Minneapolis Police Chief Brian O’Hara captured the current angst roiling Minneapolis and much of the state. In an interview with the New York Times, he warned that the behavior of federal agents has undermined the fragile public trust his department has worked tirelessly to rebuild since 2020. “It’s not necessarily about which laws are being enforced,” O’Hara said. “It’s about how that enforcement is happening.

Trump is now threatening to invoke the Insurrection Act if people in the Twin Cities keep “attacking” — meaning observing and protesting the actions of — ICE agents.

The Biden administration, for all its accomplishments and admirable characteristics, suffered from Merrick Garland Syndrome — a condition which eventually proved fatal to itself, and has helped put liberal democracy in the emergency room one year later.

This is the absolute minimum for the next Democratic administration:

The arrest and imprisonment pending trial of Donald Trump.
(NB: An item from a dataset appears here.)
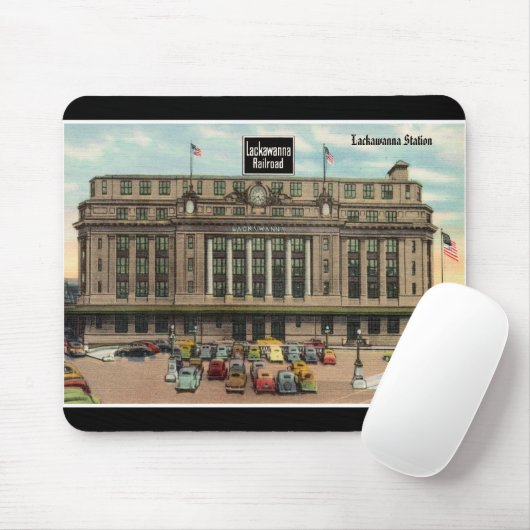 Lackawanna Depot Scranton PA Mousepad (Mit Mouse)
The arrest and imprisonment pending trial of all major law enforcement officials in the Trump administration, including Pam Bondi, Kash Patel, Kristi Noem, and their various minions.
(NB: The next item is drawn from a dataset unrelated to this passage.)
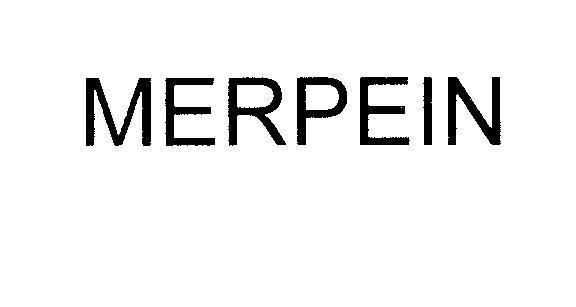 Mẫu nhãn hiệu MERPEIN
The arrest and imprisonment pending trial of Pete Hegseth, Stephen Miller, and Russell Vought.

To say there is probable cause to arrest these people for many various forms of grotesque illegality and abuse of the powers of government is a wild understatement. This is what would happen immediately in any governmental system that was actually trying to preserve and protect itself. It’s what should have happened on January 21st, 2021 to Donald Trump and the other fomenters of the temporarily failed coup, which has, because of the failure to prosecute that coup, become a successful one five years later.
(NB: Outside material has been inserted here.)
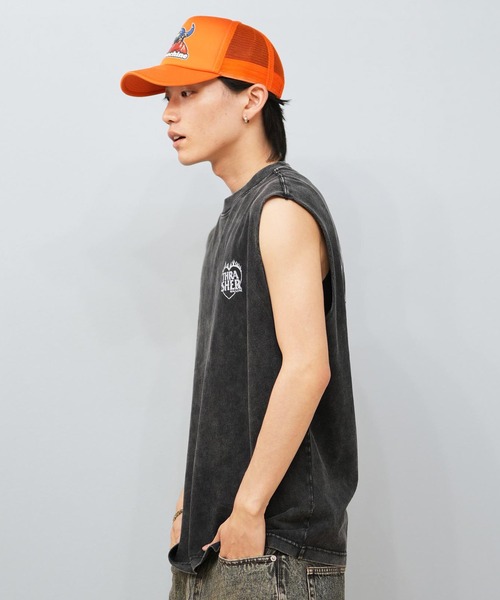 ムラサキスポーツ限定】THRASHER/スラッシャー タンクトップ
In order to make all this stick, several other things have to happen, beginning with the elimination of the filibuster in order to expand the Supreme Court immediately. I can’t emphasize enough how critical this piece of the equation is. Any attempts by John Roberts & the Furious Five to stop this should be met with the response that John Roberts has issued his opinion, now let him enforce it.

These are just the very first steps in a long process. Statehood for Washington DC and Puerto Rico is very high on the list of other critical reforms that are nearly as exigent. The destruction of the plutocratic conspiracy to take over the media is right up there as well. It should go without saying that the first step is to win the very few remaining number of free national elections, which may well be zero but obviously that can’t be assumed. But if the reaction to winning an election is to pretend none of this has happened and is happening, then winning elections is ultimately pointless, because very soon there won’t be any. It may already be too late. But the point is that at some point soon it definitely WILL BE too late. Nobody in the Democratic leadership shows the slightest hint of understanding this. People like AOC do but they remain far from formal positions of real power.

The only way any of this can actually happen is if the Democratic party is led by people who recognize that the Republican party has become a fascist party, in the precise historical meaning of that phrase, only slightly disguised for 21st century American cultural conditions. A fascist party is not something that’s compatible with liberal democracy by definition. Tolerating it is ultimately an act of suicide by a liberal democracy, as we are seeing now on a daily and nightly basis.

I don’t know what the odds of this kind of epiphany are, but that’s irrelevant to its necessity. Unless and until that happens, we will simply move further along a path that will result eventually in no more elections, no more legal protest, and no important media that are not creatures of the state, even more explicitly than for example Bari Weiss’s CBS News has become after it was bought by David Ellison in order to transform it into such a thing (see above list for relevant action items). We will be indistinguishable from present-day Russia in other words.

I do know that every day that passes without this happening is one day less in a very finite number of such days that remain for what needs to happen to happen, before the alternatives to fascism become purely outside the electoral and legal processes in this country.